DNA and fingerprint evidence from the victim's toothbrush and vape matched Ashby, who was arrested two days later. The trial at Birmingham Crown Court was cut short when he unexpectedly pleaded guilty to all four counts on the second day after being confronted by a member of the public.
Sukhvinder Kaur, chair of Sikh Women's Aid - which said the case was unprecedented - described it as "hate-filled rape." She said: "He thought she was a Muslim woman and he hated Muslim women that much that he felt absolutely entitled to do what he did to her." She warned that the UK had taken a "very worrying turn" in its treatment of marginalised communities, with migrants being scapegoated "on a political level, on an online level and on a global level."

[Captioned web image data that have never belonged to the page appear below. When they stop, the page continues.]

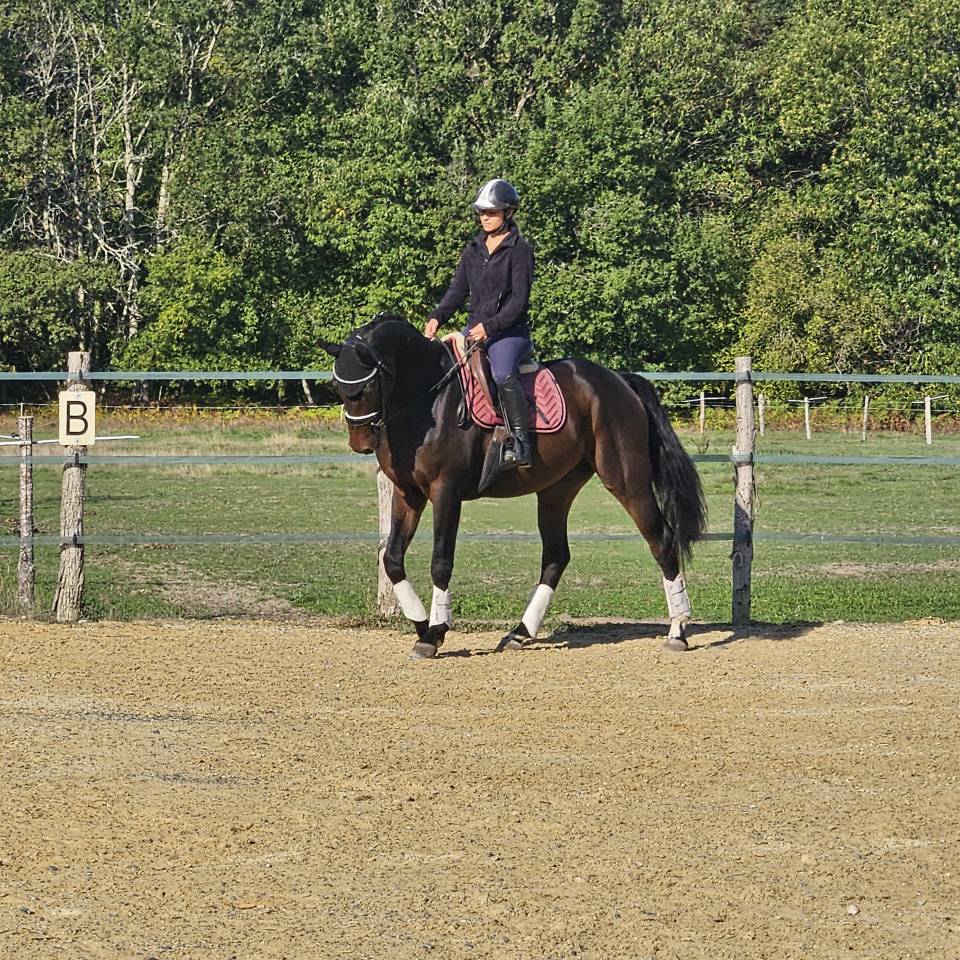 Caballo castrado KWPN Caballo de Deporte Neerland&eacute;s En venta 2022 Negro por R&eacute;volution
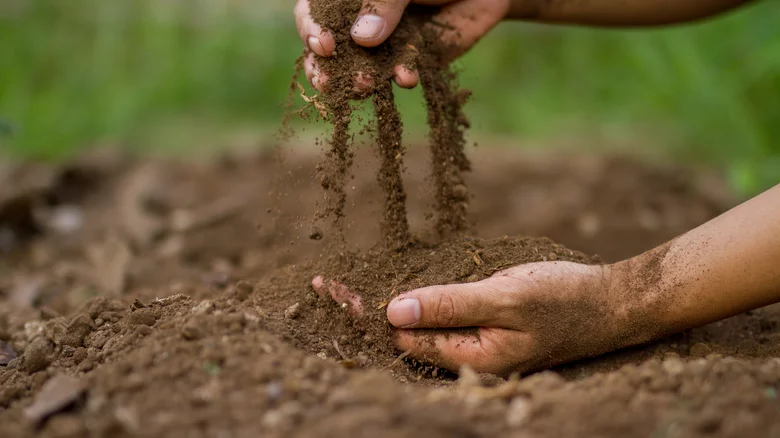 Soil conditioning treatment to promote root growth on established tree - Uhl Arbor Care San Antonio TX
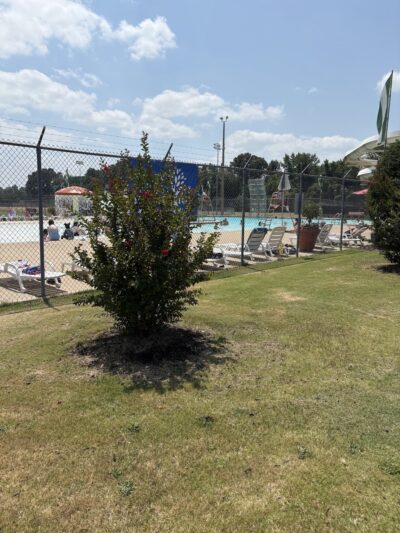 Ripley City Park - Ripley, TN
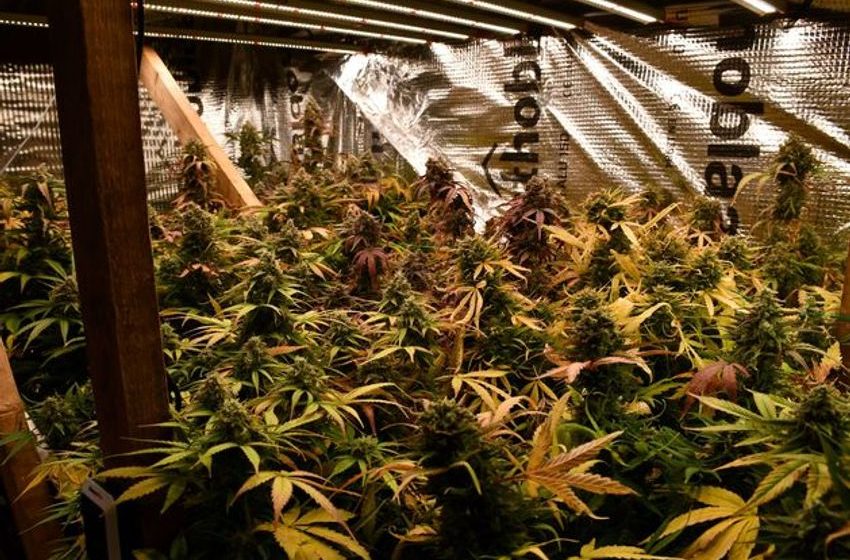  Man arrested after gardaí discover cannabis grow-house in south Dublin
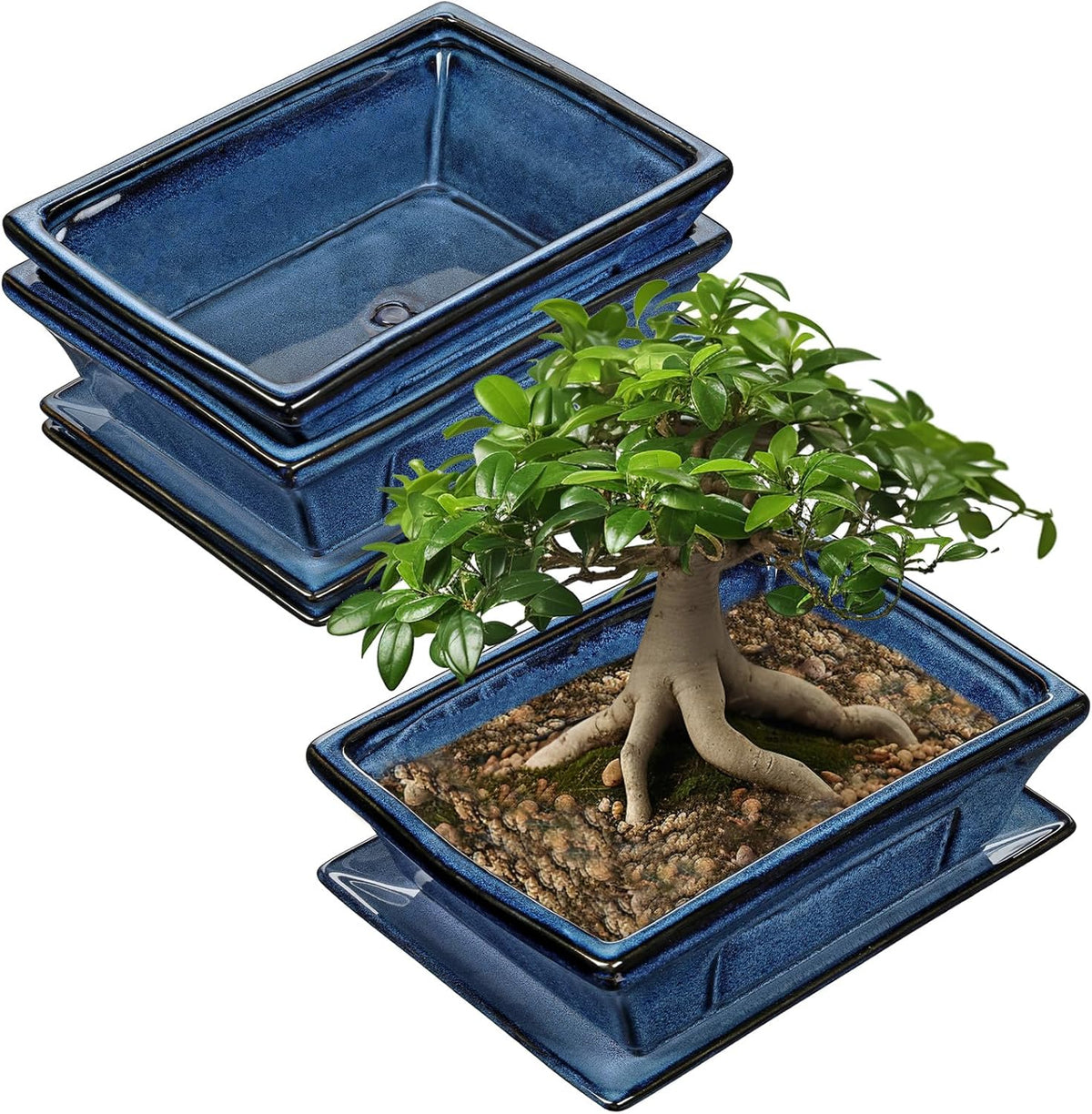 Large Ceramic Bonsai Pots with Drainage Trays Set of 2, 10" Blue Glazed Bonsai Planters for Indoor/Outdoor Use, Rectangular Shallow Bonzai Tree Pot for Succulent, Orchids, Cacti, Home, Patio, Garden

In the aftermath, women in Walsall told the Guardian they had changed their daily routines after a spate of religiously aggravated attacks on Sikhs. Kaur reported "abject terror in the local community." Shaista Gohir, chair of the Muslim Women's Network, called the case "horrific" and said it "exemplifies the ways in which religious hatred is often racialised." Her organisation urged the government to improve protections for minority ethnic women, citing the "cumulative impact of daily hostility, harmful rhetoric, and disinformation."